TERRE HAUTE —
I grew up not wearing hats. The only one I put on was a baseball cap when I was playing baseball. But since my hair went on permanent vacation, I’ve been wearing hats, most often a cap, in particular, a baseball cap.
A baseball cap is a rather strange thing. It’s a beanie, a skull cap with a button on top and a large bill attached to the front. Baseball is a treasure house of ancient statistics, but I have no idea how this strange little cap got to be “the hat” of baseball. For instance, the original New York Knickerbockers (who would later become the Yankees), wore white skimmers and white shirts. Very spiffy. But the skimmers were soon replaced by the beanie with the bill.

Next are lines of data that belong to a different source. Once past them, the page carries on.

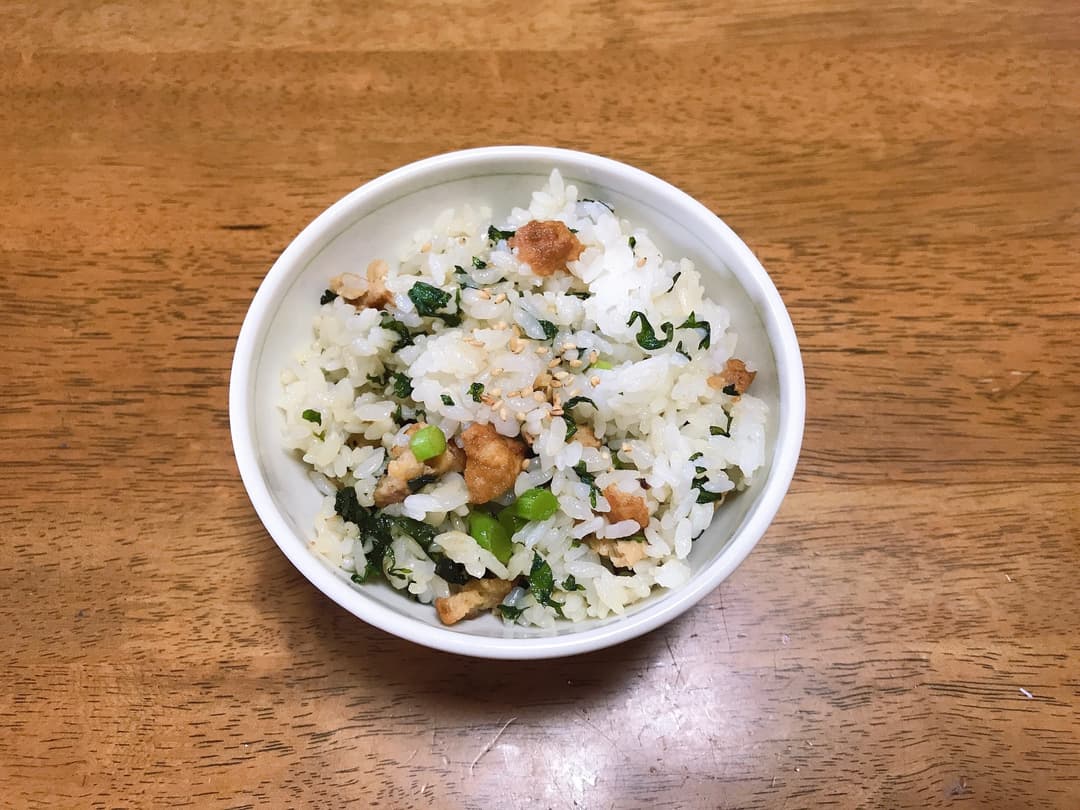 春菊とつくねの混ぜご飯の完成写真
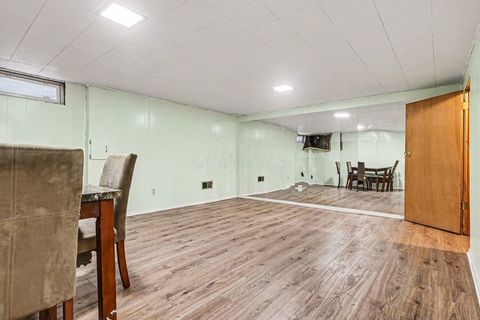 Tiny photo for 621 Simbury Street, Columbus, OH 43228 (MLS # 226003259)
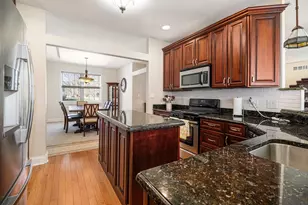 9011 Park Valley Ct, Hobart, IN 46342 - Photo 10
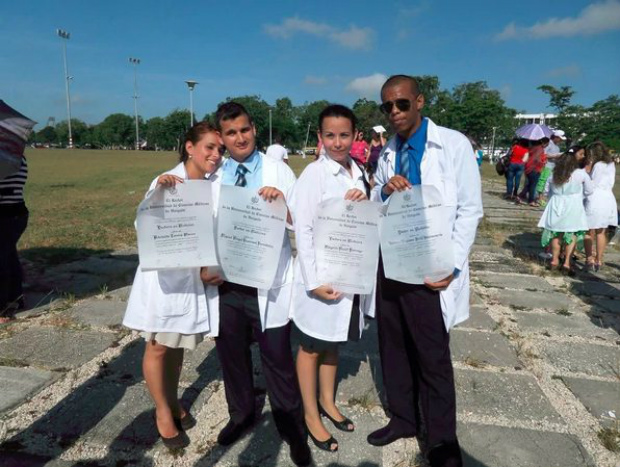 Miguel Guerrero Fernández (o segundo da esquerda para a direita) depois de se tornar médico em Cuba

I don’t know exactly when that occurred but it had to be early on, and that little beanie with the bill we recognize everywhere as a baseball cap. Even when it advertises some business or endeavor, it is still a baseball cap.
Throughout history men were often remembered by the hats they wore. Abraham Lincoln, a very tall man, wore a very tall stovepipe hat. Napoleon Bonaparte, who wasn’t very tall, wore that 18th Century commander’s hat. It appeared he was wearing it sideways. Of course, it didn’t make him look any taller.
Cowboys wore the distinctive hat they borrowed from the Mexican Vaqueros with some modifications. The ten-gallon hat the American cowboy favored had nothing to do with the amount of water it would hold, but rather the amount of “braids” that would fit around the crown. It didn’t take many to fit around the Mexican sombrero and it took about 10 braids to fit around the hat the cowboys favored. The term “galoìn” is the Spanish word for braid. To our gringo ears, it came out as gallon.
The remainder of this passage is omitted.